My favourite TV ad man spouts memorable happiness quotes often on Mad Men. Watching Don and his colleagues is an exercise in what we think will bring us happiness versus what really does. He celebrates momentarily then moves on. It was an unexpected moment of happiness and maybe the most of what we can take from this episode: finding happiness in the little things.
Sure those big moments can bring great joy sometimes momentarily, sometimes lifelong but perhaps we should take time to appreciate and savour those little snapshots of happiness as well. It was a series finale that saw many characters find happiness in unexpected places. Share Via. One time secretary turned ad agency executive Peggy Olson Elisabeth Moss surprised herself by finding love, playboy Roger Sterling John Slattery found a woman that was his equal,ambitious Pete Campbell Vincent Kartheiser reunited with his estranged family, and voluptuous Joan Harris Christina Hendricks finally chose business over romance.

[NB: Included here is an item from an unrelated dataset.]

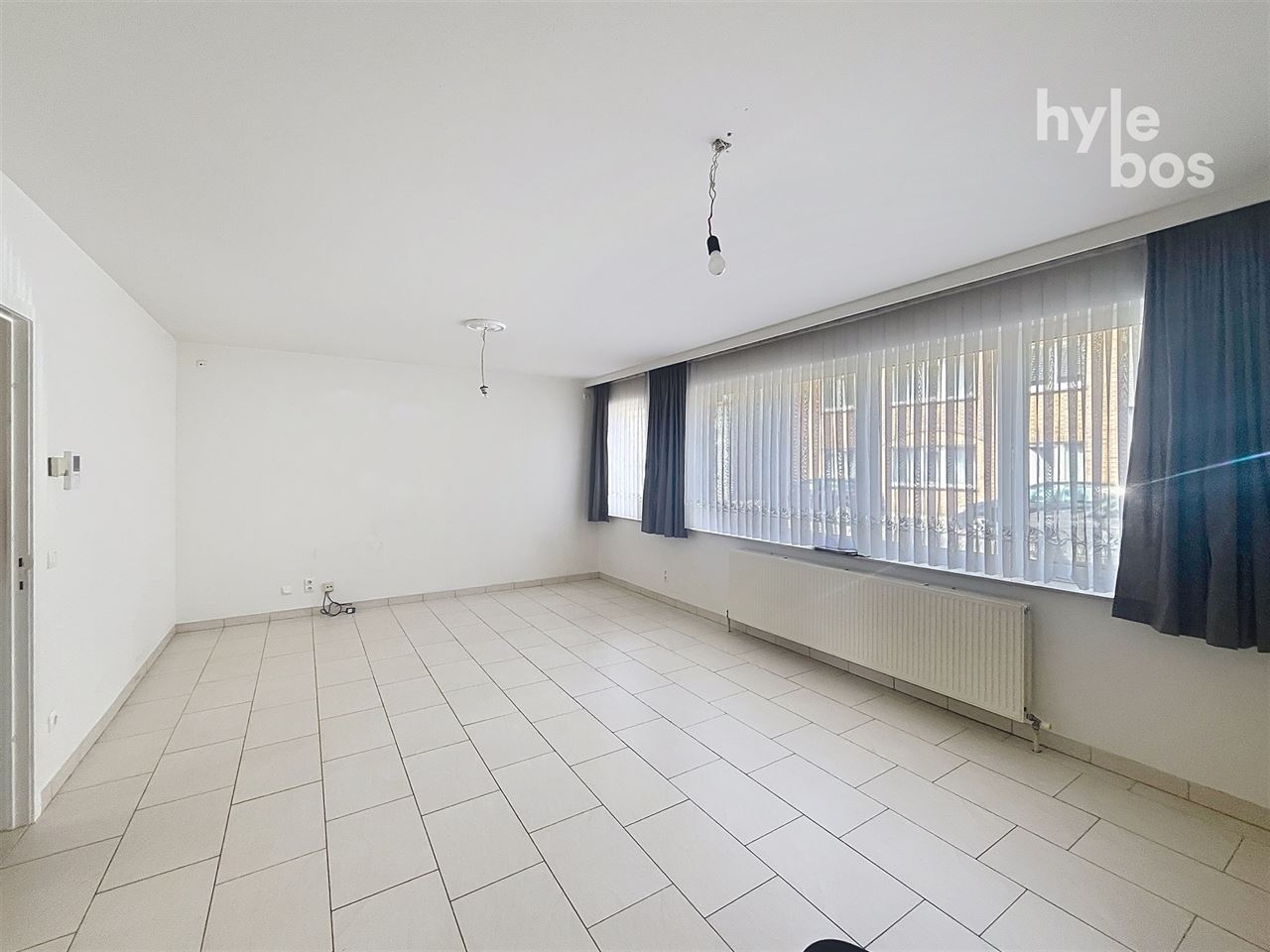 Gelijkvloers 3 slaapkamer appartement met tuin en garage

Get our Daily News Capsule Subscribe. Thank you for subscribing to our Daily News Capsule newsletter. Whatsapp Twitter Facebook Linkedin. Sign Up. Edit Profile. Most of my childhood and adult life was spent doing a lot of geeky stuff: watching TV, playing video games and going to the movies.
To some, it may have been a waste of time. Well, to me, it has made me what I am today I actually write for a couple of blogs, namely: geekwisdom.
View all posts by Victor de la Cruz. You are commenting using your WordPress. You are commenting using your Google account. But there's certainly something creepy about how Don conducts his personal life given the alacrity with which he sees through the "perverts" at Wilkinson.
It's the same thing as the casting, only no cash changes hands. Until it does. In prostitution, societal boundaries between the personal and the professional break down, as Don's whorehouse upbringing taught him. Now it's just more out in the open than it is when Don applies the techniques of his dayjob to his nightlife. But the spheres of his existence had already begun to collide before his alleyway assignation. The dream then feeds back into Don's work, when it gives him the idea to contact her to see if her department store would adopt the agency's pantyhose client Topaz as a house brand.
Topaz's product itself can be seen not just as a knockoff of the more successful L'eggs brand it hopes to emulate, but the smooth legs of the archetypal Wikinson woman. But when Don learns Rachel has died, he returns to Diana's diner, perhaps hoping she'll replace the happiness he can no longer find with his late lover.
Only then does the sexual transaction take place. Like Midge, Rachel actually meant something to Don, yet some part of him still sees them as interchangeable"cogs in a wheel," as Ken Cosgrove describes his DuPont executive father-in-law elsewhere in the episode. The commodification of these human beings into goods to be selected from a menu, as if sex is a cosmic diner waitress asking you "what'll it be, honey?